On 08/13/2016 05:57 PM, Jonathan M Davis via Digitalmars-d wrote:
I'm also tempted to argue that making shared virtually unusable without
casting it away would be a good idea

It's a bad idea, no two ways about it. The bummer here is that this is the only topic (and one where D gets it right) off of a whole list that Shachar gave, which I'll copy below. His slides are at http://www.slideshare.net/ShacharShemesh1/dconf-2016-d-improvement-opportunities. Is the talk video anywhere?

- No RAII support, despite the fact everybody here seems to think that D 
supports RAII.

So that is slide 4. Could you please give a bit of detail?

- Recursive const makes many cases where I can use const in C++ (and
enjoy the protection it provides) simply mutable in D.

(It's transitive, not recursive.) Can't help much here but note that C++'s const being shallow is a source of confusion among beginning programmers. It's a matter in which reasonable people may disagree. I clearly see how someone used to C++'s const wold feel uncomfortable with D's.

- This one I have not complained about yet. Operator overloads
stepping on each other's toes. In my case, I have a container (with
opIndex that accepts a custom type and opOpAssign!"~") and I place in
it a struct with some operator overloads as well (have not reduced
the cause yet, hence no previous complaint about this one). So, when
I write

Container[IndexType] ~= Type;

And the compiler assumes that means:
Container.opIndexOpAssign!"~"(IndexType, Type);

but since nothing like that is defined, the code doesn't compile. I
ended up writing (actual code from the Weka code base):

blockIds[diskIdx].opOpAssign!"~"(makeBlockId(stripeIdx+i,
placement.to!SlotIdx(diskIdx)));

Took me almost ten minutes and consulting someone else to find this
solution.

The opIndexOpAssign family is intentional and arguably a good thing.

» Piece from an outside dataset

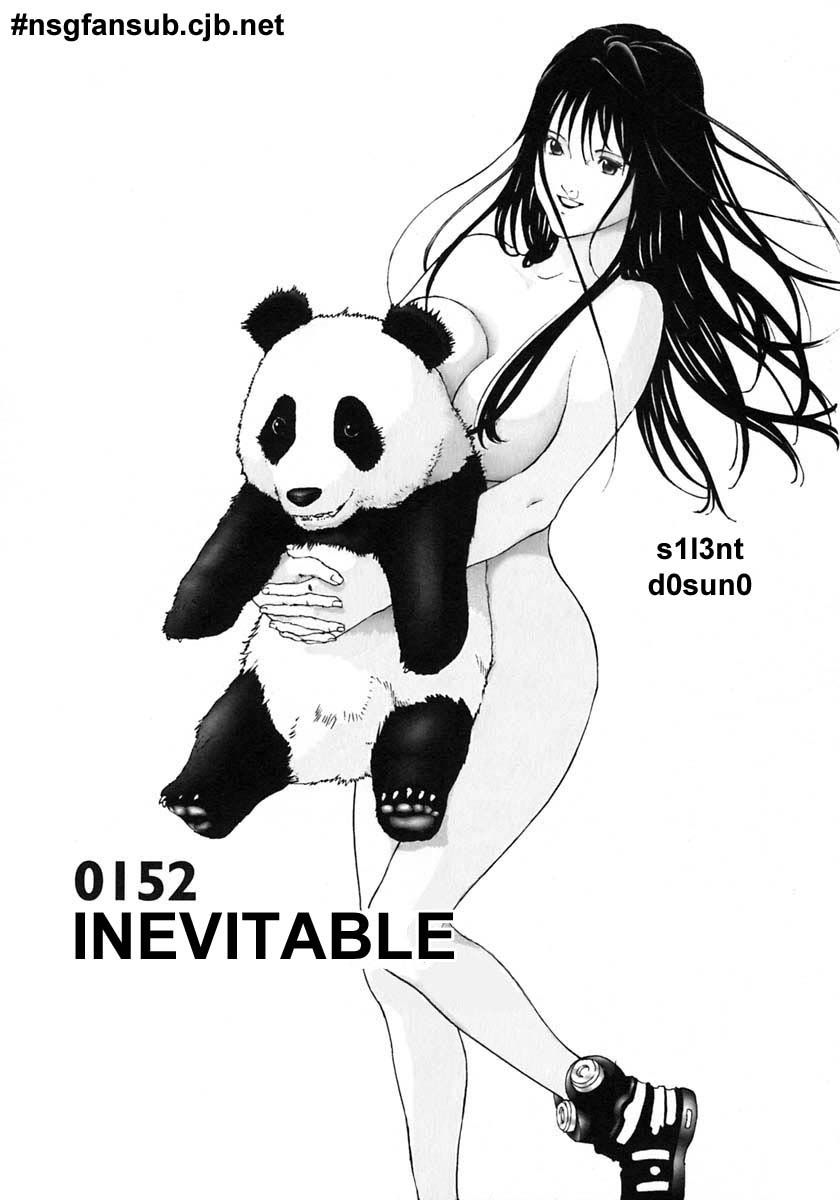 Read Gantz ES Manga Online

The semantics of std::map's operator[] are controversial and suboptimal; opIndexOpAssign is specially designed to allow efficient dictionaries and sparse arrays. If you get to reduce the code we'd definitely want to fix whatever bug is there.

- GC. GC. GC. Some more GC.

You mean there's too much of it? We're on that.

- Integral type operations promotion and the constant need for casts.

This is... funny coming from a self-proclaimed C++ lover. Anyhow, VRP has bugs that we need to fix.

- No warning for signed/unsigned comparisons. An unfailing source for bugs.

This is actionable too.

- No ref type.

This you need to live with.

We'd love to make the life easier for Weka, but you need to be careful when mixing things of the D ethos you don't like but won't change (qualifiers, ref) with things that we can improve.

Did you try the .d/.di compile-time table?